In [1]:
import os
import requests
import pandas as pd
from tqdm import tqdm
from glob import glob
from datetime import datetime
from zeep import Client, helpers

### Loading in the parameters 

In [2]:
API = pd.read_csv("api.csv")['api'].values[0]
PRODUCTION_URL = "https://openweb.nlb.gov.sg/OWS/CatalogueService.svc?singleWsdl"
client = Client(wsdl=PRODUCTION_URL)

### Looking at my books 

In [3]:
book_list = glob("/Users/cliff/main/sides/nlb/book_price/*.csv")

In [4]:
df = pd.DataFrame()
for book in book_list:
    df = df.append(pd.read_csv(book))

In [5]:
df[df.scraped_title == "Functional Training and Beyond: Building the Ultimate Superfunctional Body and Mind (Building Muscle and Performance, Weight Training, Men's Health)"]

Unnamed: 0,given_title,scraped_title,price
0,The Emperors Handbook Meditations,Functional Training and Beyond: Building the U...,27.32


In [6]:
df = df[df.scraped_title != 'The Cute Book of Kawaii Coloring: Learn Japanese Words by Coloring Cute Things']
df = df[df.scraped_title != 'High-Performance Without Pain: A Companion Workbook for High-Achievers and Those Aspiring To Be']
df = df[df.scraped_title != "Functional Training and Beyond: Building the Ultimate Superfunctional Body and Mind (Building Muscle and Performance, Weight Training, Men's Health)"]

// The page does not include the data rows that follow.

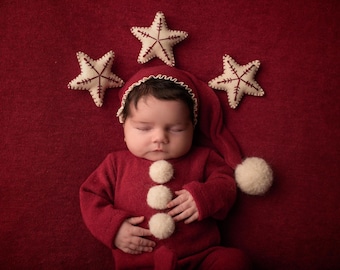 Newborn Outfit, Newborn Photography Prop Christmas Romper, Raspberry Red Christmas Girls pajamas, Baby Boy Photo Prop Christmas Santa Set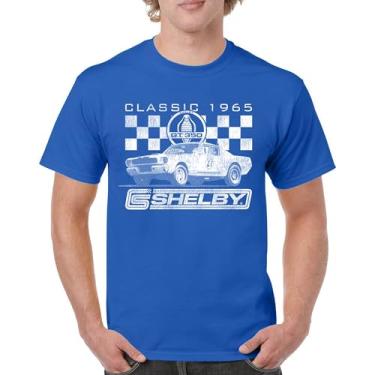 Imagem de Camiseta masculina clássica 1965 Shelby GT350 American Retro Legend Mustang Cobra Muscle Car Racing Powered by Ford, Azul, G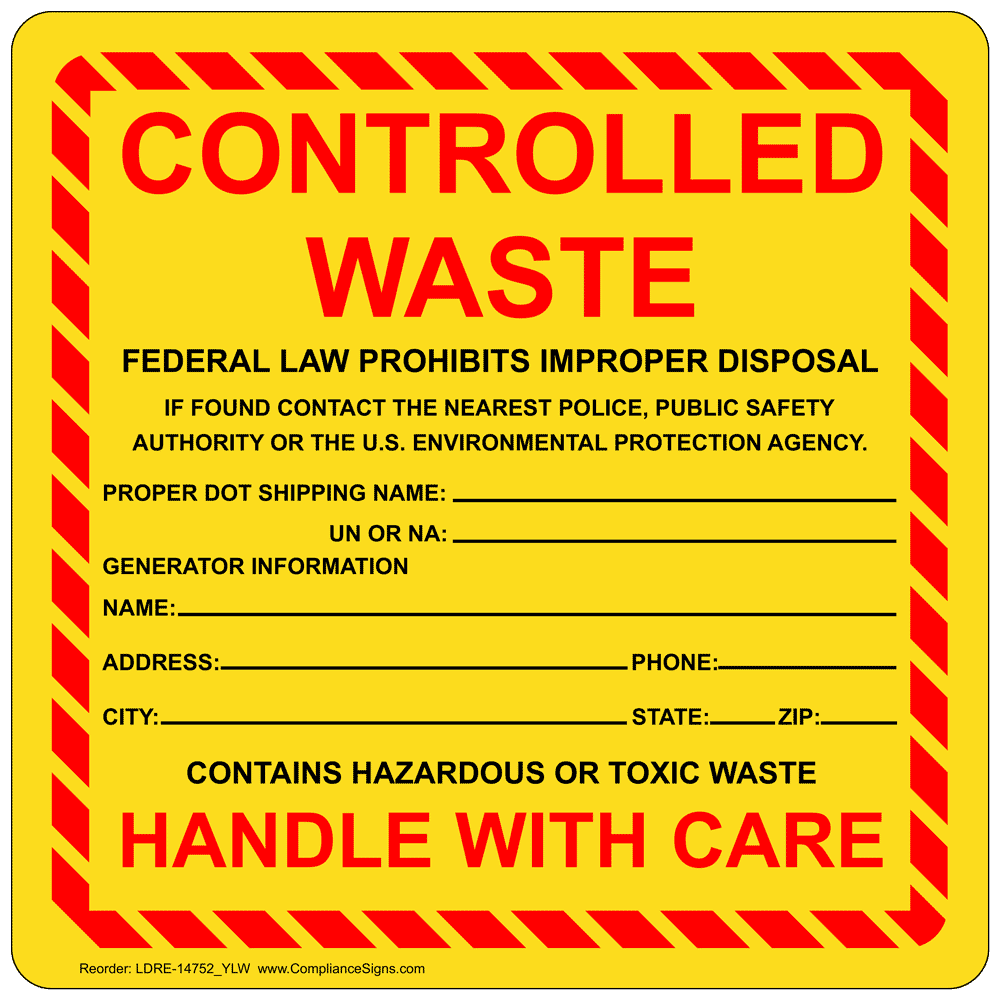 Controlled Waste Federal Law Prohibits Roll Label Ldre Ylw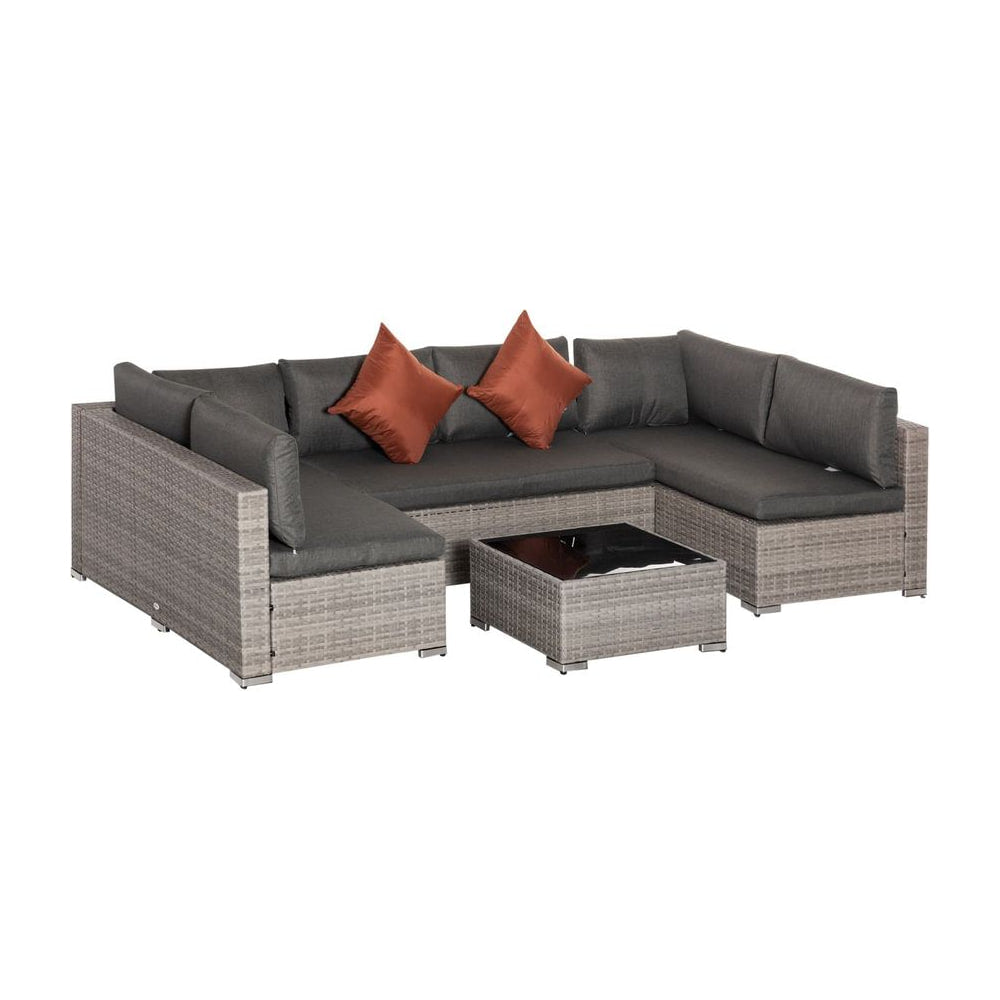 Outsunny Four-Piece Half-Square Rattan Sofa Set - Mixed Grey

df.reset_index(drop=True, inplace=True)
df.shape

(234, 3)

In [7]:
df.head()

Unnamed: 0,given_title,scraped_title,price
0,Seven steps to train your mind,Seven Steps to Train Your Mind,56.74
1,The Obstacle Is The Way,The Obstacle Is the Way: The Timeless Art of T...,23.54
2,Growth Hacker Marketing,Growth Hacker Marketing: A Primer on the Futur...,19.48
3,"Trust Me, I’m Lying: Confession of a Media Man...","Trust Me, I'm Lying: Confessions of a Media Ma...",22.89
4,"Making Habits, Breaking Habits","Making Habits, Breaking Habits: Why We Do Thin...",27.18


#### Search Feature 
- Quick search function for getting specific book details

In [51]:
def search_bk_by_title(title: str):
    search_input = {
        "APIKey": API,
        "SearchItems": {
            "SearchItem": [
                { "SearchField": "Title", "SearchTerms": title }, 
                { "SearchField": "MediaCode", "SearchTerms": 'BK' },
                { "SearchField": "Language", "SearchTerms": 'English' }
            ]
        },
        "Modifiers": {
            "SortSchema": None,
            "StartRecordPosition": 1,
            "MaximumRecords": 10,
            "SetId": None
        }
    }

    return search_input

def get_book_details_by_title(title: str) -> pd.DataFrame:
    try:
        book_detail_output = helpers.serialize_object(client.service.Search(**search_bk_by_title(title)))
        tmp_table = pd.DataFrame(book_detail_output.get('Titles').get('Title'))
    
    except:
        tmp_table = pd.DataFrame([[None] * 7],
            columns=['BID', 'ISBN', 'TitleName', 'Author', 'PublishYear', 'MediaCode', 'MediaDesc'])
    
    tmp_table['search_title'] = title
    return tmp_table

In [53]:
main = pd.DataFrame()

In [52]:
# Tested this
get_book_details_by_title("Predictive irrational")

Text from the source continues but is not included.